**Given material:**
>>>

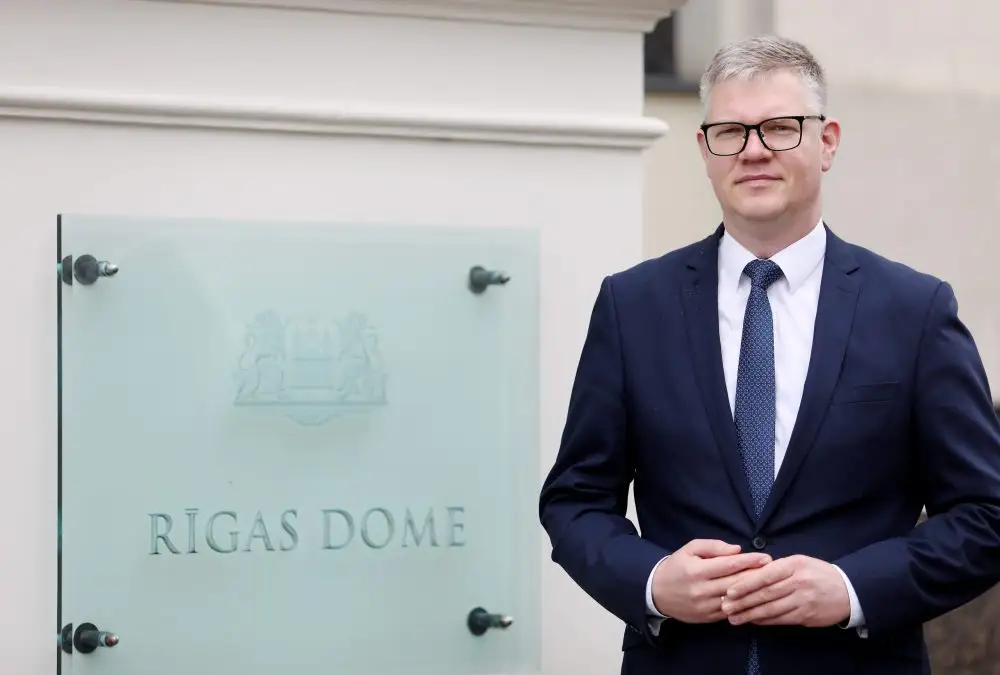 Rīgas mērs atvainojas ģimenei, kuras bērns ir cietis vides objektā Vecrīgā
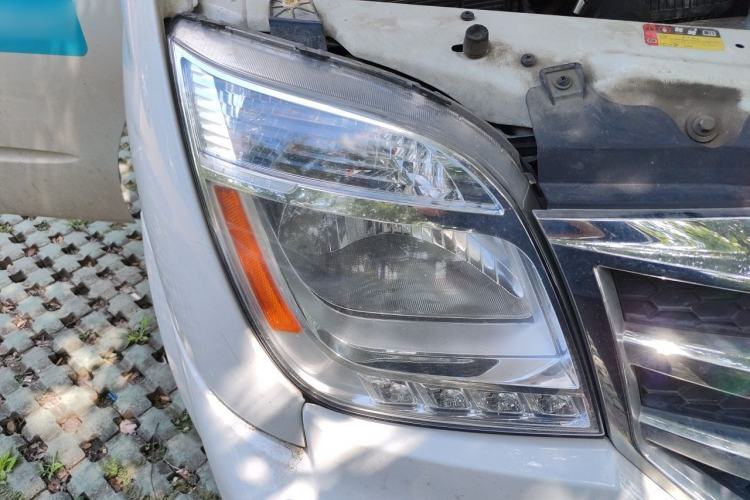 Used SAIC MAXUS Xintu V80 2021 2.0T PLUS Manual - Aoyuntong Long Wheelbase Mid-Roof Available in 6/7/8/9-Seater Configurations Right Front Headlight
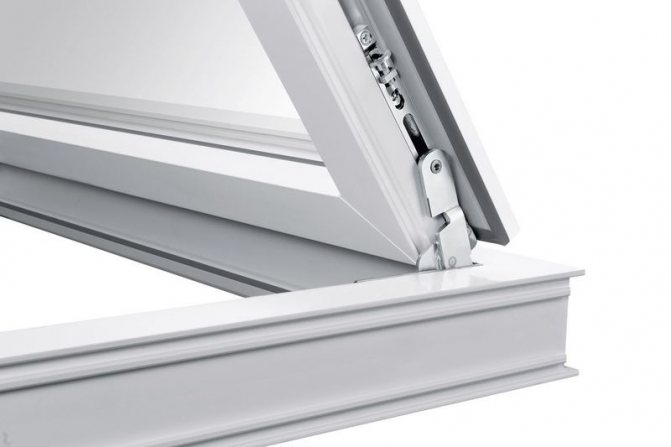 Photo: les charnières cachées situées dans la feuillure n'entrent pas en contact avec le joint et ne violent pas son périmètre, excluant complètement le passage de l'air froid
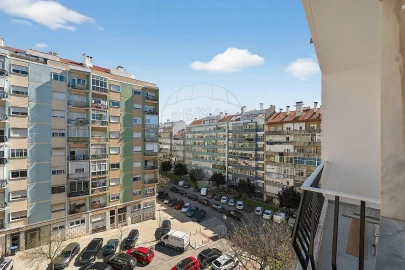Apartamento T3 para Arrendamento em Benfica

<<<

**Work task:**
Copy out the listing above exactly, and keep the pictures out of it.

**Task response:**
 Rīgas mērs atvainojas ģimenei, kuras bērns ir cietis vides objektā Vecrīgā
 Used SAIC MAXUS Xintu V80 2021 2.0T PLUS Manual - Aoyuntong Long Wheelbase Mid-Roof Available in 6/7/8/9-Seater Configurations Right Front Headlight
 Photo: les charnières cachées situées dans la feuillure n'entrent pas en contact avec le joint et ne violent pas son périmètre, excluant complètement le passage de l'air froid
Apartamento T3 para Arrendamento em Benfica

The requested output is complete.